Try it: Where in the data does the word "Sport" appear? Find those lines and copy them.

○ ○ ○

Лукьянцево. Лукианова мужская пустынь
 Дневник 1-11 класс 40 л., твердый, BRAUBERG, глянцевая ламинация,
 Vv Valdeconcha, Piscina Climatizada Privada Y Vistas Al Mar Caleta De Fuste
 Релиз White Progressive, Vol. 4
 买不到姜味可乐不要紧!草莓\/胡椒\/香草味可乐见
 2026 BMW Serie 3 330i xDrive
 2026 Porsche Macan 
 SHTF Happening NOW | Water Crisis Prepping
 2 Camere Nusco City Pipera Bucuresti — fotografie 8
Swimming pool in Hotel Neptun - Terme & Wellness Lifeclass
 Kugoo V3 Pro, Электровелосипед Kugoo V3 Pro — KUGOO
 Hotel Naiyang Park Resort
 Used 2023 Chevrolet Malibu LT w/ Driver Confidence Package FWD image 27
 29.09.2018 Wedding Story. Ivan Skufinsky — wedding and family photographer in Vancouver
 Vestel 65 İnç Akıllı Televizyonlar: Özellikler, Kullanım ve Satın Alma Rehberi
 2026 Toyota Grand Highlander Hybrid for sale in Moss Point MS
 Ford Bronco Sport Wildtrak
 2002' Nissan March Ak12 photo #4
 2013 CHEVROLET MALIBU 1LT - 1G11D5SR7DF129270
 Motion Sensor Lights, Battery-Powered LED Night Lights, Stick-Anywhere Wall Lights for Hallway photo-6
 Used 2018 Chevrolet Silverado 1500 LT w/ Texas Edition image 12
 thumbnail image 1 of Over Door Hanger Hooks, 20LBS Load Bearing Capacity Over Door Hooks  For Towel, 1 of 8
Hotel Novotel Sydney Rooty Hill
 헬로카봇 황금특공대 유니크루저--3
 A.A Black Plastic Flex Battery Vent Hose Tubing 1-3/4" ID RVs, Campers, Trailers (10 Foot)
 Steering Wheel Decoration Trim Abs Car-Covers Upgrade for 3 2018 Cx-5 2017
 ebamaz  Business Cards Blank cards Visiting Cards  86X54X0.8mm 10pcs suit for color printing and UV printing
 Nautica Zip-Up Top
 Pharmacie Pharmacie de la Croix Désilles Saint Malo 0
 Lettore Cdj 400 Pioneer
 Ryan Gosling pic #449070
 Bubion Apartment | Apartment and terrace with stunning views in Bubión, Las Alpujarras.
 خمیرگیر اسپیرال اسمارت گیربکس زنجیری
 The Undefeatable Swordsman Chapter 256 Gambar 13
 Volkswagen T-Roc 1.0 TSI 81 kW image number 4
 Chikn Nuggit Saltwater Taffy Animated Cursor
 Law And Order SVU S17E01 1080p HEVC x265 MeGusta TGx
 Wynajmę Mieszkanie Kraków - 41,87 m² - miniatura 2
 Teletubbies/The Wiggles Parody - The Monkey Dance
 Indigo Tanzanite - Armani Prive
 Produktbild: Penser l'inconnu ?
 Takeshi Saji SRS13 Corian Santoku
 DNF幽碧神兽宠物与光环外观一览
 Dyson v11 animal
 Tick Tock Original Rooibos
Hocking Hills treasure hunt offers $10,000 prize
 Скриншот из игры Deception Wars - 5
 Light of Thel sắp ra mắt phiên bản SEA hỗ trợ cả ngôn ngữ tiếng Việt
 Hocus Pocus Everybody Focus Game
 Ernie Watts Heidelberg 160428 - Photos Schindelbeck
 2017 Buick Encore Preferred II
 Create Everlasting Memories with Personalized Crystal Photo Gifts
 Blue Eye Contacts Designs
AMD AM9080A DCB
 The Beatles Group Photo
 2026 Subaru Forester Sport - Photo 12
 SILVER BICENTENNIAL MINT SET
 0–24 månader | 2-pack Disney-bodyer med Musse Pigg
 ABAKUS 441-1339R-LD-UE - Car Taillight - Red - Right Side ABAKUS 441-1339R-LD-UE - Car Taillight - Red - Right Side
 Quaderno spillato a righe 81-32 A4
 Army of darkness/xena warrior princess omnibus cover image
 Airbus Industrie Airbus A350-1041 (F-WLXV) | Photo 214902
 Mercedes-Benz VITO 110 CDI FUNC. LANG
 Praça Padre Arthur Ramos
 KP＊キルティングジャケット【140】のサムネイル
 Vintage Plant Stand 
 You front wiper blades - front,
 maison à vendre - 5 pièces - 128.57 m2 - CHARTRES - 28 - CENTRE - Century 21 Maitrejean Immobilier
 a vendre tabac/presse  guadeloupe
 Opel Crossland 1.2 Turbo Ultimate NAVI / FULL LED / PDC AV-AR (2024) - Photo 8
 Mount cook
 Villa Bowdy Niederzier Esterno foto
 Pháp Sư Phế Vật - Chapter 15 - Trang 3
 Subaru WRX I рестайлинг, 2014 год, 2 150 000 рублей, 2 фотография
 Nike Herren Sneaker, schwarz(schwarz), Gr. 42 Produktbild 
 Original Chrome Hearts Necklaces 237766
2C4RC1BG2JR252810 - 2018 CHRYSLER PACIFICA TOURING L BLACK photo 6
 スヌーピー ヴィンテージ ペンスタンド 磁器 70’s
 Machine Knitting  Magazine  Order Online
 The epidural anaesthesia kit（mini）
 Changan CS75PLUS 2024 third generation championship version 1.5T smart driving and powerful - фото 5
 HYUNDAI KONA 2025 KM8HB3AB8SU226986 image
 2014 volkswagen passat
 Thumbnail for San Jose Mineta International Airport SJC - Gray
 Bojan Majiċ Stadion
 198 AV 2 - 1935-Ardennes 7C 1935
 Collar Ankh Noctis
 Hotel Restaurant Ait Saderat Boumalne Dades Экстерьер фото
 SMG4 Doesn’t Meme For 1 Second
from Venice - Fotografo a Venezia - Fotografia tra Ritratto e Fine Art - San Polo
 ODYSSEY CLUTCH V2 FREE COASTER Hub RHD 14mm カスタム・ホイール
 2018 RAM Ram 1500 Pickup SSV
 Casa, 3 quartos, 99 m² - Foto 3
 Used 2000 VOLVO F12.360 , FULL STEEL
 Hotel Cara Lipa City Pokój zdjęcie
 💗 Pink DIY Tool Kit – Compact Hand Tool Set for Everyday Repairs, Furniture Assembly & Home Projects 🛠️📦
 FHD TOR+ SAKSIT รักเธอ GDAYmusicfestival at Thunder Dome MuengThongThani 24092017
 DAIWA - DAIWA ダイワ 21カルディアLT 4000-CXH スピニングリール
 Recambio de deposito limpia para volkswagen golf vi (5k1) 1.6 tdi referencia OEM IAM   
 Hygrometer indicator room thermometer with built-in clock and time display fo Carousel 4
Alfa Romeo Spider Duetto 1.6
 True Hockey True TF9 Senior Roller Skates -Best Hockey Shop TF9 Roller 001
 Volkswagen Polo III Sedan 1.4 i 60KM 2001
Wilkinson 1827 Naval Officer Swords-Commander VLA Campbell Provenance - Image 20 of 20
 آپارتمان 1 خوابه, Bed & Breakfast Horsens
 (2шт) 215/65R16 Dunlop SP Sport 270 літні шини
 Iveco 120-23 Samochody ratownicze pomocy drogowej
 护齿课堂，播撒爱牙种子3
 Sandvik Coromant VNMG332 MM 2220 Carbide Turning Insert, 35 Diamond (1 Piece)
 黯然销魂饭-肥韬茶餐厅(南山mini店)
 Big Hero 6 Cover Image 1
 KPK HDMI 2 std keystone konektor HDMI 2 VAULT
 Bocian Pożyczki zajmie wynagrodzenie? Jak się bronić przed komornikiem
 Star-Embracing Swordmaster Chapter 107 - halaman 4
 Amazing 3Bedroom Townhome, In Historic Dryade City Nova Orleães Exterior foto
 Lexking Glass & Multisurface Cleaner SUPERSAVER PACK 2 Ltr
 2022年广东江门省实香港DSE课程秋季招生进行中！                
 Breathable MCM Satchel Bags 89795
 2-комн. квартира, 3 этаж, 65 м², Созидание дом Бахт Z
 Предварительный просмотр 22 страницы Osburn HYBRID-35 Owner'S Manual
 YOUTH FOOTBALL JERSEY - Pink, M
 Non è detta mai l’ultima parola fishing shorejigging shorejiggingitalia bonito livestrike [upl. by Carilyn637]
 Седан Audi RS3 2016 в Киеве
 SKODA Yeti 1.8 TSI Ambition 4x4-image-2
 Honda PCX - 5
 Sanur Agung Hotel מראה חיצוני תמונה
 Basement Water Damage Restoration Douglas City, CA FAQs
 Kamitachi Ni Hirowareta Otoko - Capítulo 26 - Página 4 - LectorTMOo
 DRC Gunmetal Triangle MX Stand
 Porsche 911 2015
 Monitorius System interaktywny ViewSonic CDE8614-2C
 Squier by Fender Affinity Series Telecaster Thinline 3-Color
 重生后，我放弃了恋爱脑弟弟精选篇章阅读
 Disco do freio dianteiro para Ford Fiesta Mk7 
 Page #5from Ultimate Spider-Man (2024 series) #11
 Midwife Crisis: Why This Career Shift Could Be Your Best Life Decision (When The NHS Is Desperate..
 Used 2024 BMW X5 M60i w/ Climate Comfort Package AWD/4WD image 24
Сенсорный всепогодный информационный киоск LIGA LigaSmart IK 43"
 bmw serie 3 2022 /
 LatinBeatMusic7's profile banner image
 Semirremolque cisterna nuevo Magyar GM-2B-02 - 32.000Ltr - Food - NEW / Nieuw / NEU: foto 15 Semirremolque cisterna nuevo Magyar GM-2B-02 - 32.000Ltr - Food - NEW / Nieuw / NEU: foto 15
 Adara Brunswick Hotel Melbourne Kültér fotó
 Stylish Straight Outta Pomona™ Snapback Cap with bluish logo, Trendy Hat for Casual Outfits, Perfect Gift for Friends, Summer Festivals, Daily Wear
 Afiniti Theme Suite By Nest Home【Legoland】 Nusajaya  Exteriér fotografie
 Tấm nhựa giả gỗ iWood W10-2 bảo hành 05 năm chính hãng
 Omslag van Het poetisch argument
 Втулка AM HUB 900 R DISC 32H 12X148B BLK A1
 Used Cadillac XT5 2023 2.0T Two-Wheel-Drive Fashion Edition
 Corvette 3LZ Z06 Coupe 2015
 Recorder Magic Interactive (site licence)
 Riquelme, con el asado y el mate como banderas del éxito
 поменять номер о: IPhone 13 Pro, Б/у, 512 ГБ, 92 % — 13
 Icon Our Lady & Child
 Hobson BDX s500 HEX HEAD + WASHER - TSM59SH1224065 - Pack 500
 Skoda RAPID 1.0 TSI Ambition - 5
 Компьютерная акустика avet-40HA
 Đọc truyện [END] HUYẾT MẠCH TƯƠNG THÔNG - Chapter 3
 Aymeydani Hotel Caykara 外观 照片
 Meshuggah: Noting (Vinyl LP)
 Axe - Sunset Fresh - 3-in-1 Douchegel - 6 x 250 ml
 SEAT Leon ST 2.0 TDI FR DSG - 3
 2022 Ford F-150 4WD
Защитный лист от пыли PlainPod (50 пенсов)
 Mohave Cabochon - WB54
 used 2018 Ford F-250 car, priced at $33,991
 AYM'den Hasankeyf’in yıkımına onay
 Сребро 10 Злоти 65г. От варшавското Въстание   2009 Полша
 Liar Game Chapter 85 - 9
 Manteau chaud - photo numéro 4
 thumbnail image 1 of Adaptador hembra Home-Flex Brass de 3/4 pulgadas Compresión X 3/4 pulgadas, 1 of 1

○ ○ ○

Answer section:
 Ford Bronco Sport Wildtrak
 2026 Subaru Forester Sport - Photo 12
 (2шт) 215/65R16 Dunlop SP Sport 270 літні шини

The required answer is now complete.